Wise Ways to Protect Yourself from Skin Cancer
By Sandy Schroeder
Here comes the sun, ready or not! After a long winter, most of us are more than ready to soak up some sun, but it is important to have the complete scoop when it comes to skin cancer, according to HarvardHealth.
Recently, Harvard’s Emily S. Ruiz, MD, MPH, said, ”While sunscreen is essential to lowering your risk for skin cancer, there is more to consider in your summer skin protection routine.”
What to Know about Alcohol
Having a brew or a glass of wine by the pool is a natural for summer, but research shows alcohol may be a factor in almost 4 percent of all cancer deaths.
One study showed a 20 percent increase in melanoma in drinkers, and the risk went up with each drink. Another study said basal cell carcinoma increased by 7 percent and squamous cell carcinoma jumped by 11 percent for every beer or glass of wine consumed each day. The American Cancer Society suggests holding alcohol to one drink per day for women, and two drinks per day for men.
What to Consider with Sunscreen
Ruiz says there is no magic wand to eliminate sunburn or skin cancer, so sunscreen needs to be on hand and actually used effectively each time you are outdoors.
Ruiz says, “Apply a broad-spectrum sunscreen with at least SPF 30 prior to going out in the sun, reapply every two hours, and apply liberally: one teaspoon to each arm, head and neck, front torso, and back; and two teaspoons to each leg.”
Australian researchers found people who used sunscreen daily had a 50 percent reduction in melanoma and a 40 percent reduction in squamous cell carcinoma, compared to those who only used sunscreen intermittently.

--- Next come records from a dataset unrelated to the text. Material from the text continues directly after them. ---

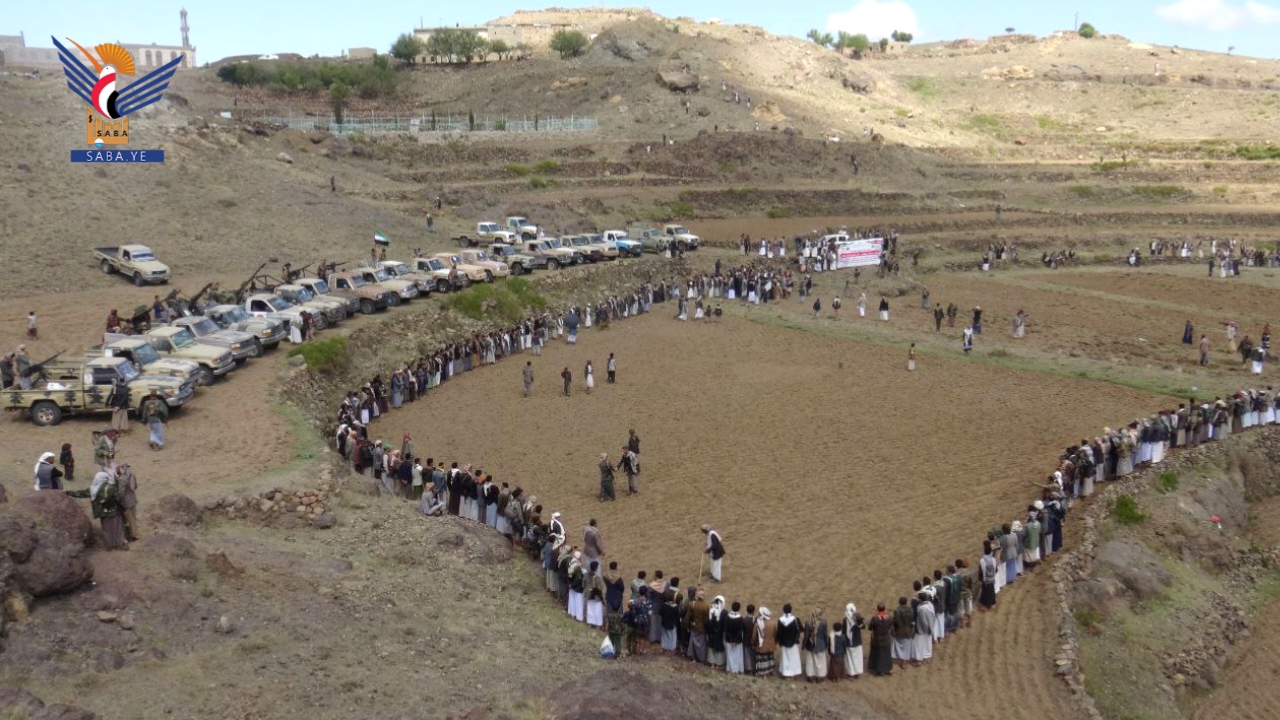 أبناء مديرية الحيمة الخارجية يعلنون النفير والبراءة من العملاء والخونة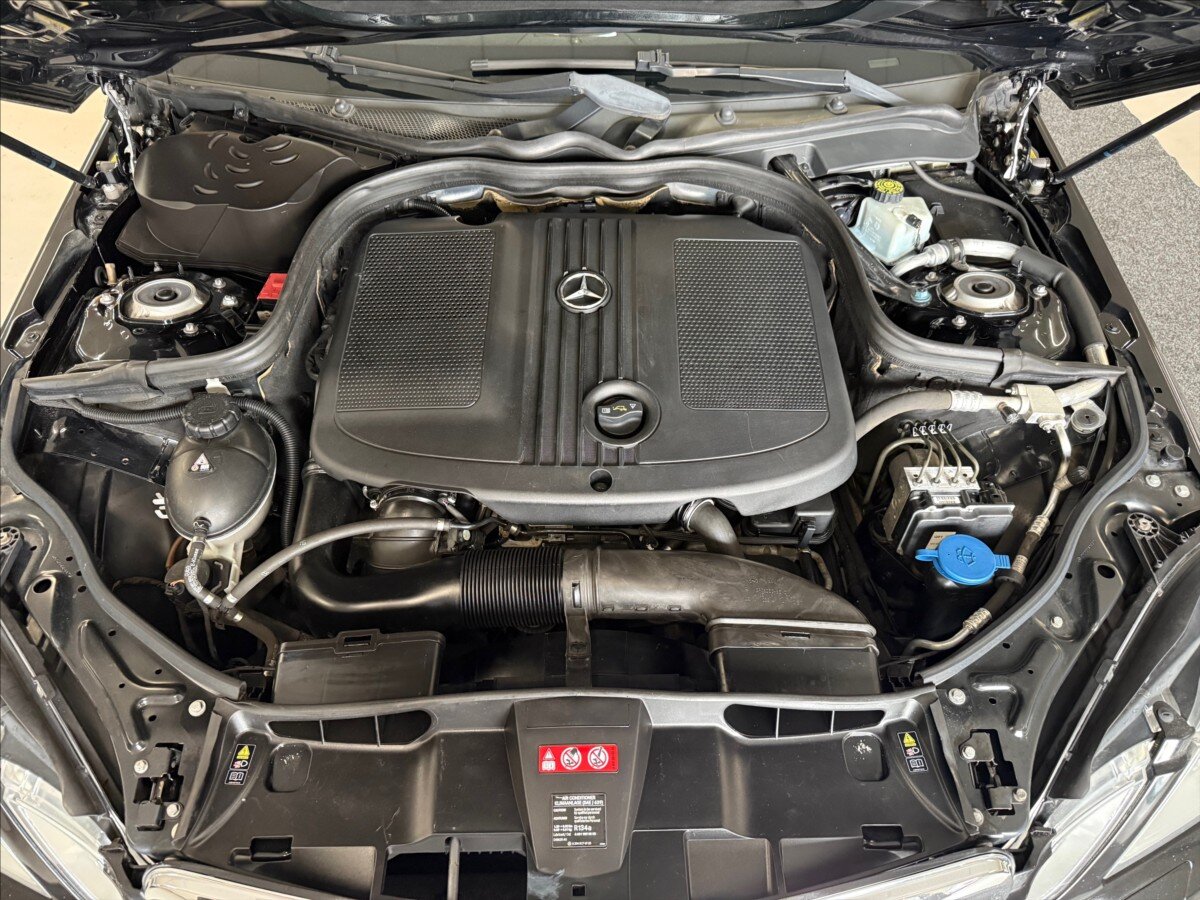 Mercedes-Benz Třídy E Kombi 2,1 l 100 kw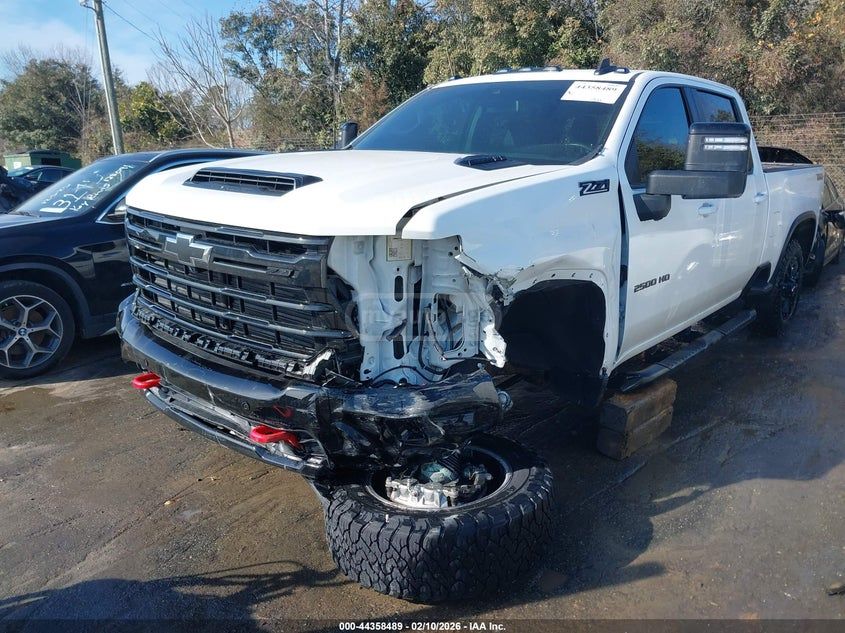 Chevrolet Silverado 2025 — миниатюра 2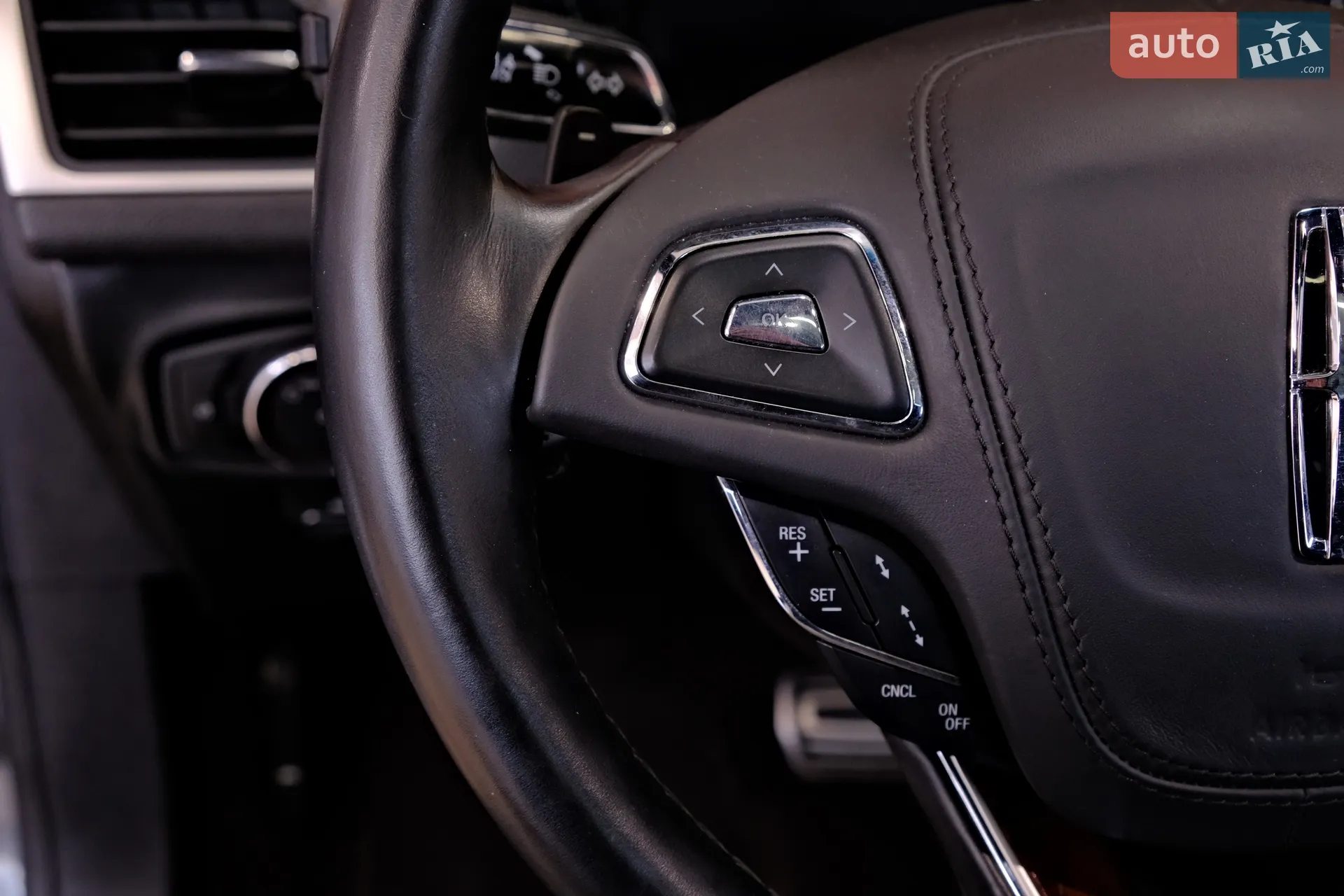 2019 Lincoln MKZ - мініатюра 21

What to Know about Nicotinamide
Dr. Ruiz says nicotinamide is a form of Vitamin B3 that can be purchased over-the-counter, and may help prevent certain skin cancers. Australian skin cancer researchers have shown a 23 percent reduction in the risks of basal cell carcinoma and squamous cell carcinoma when Vitamin B3 was used to protect the skin from ultraviolet damage from the sun. Ruiz said patients who have major skin damage from the sun may benefit from this vitamin, but it is important to know the vitamin must be taken regularly or its protective benefits will be lost.
As always, when considering changes in vitamins, and approaches to skin protection, start with your physician first. Schedule a visit for the whole family that includes a discussion on skin cancer protection, and then enjoy your summer.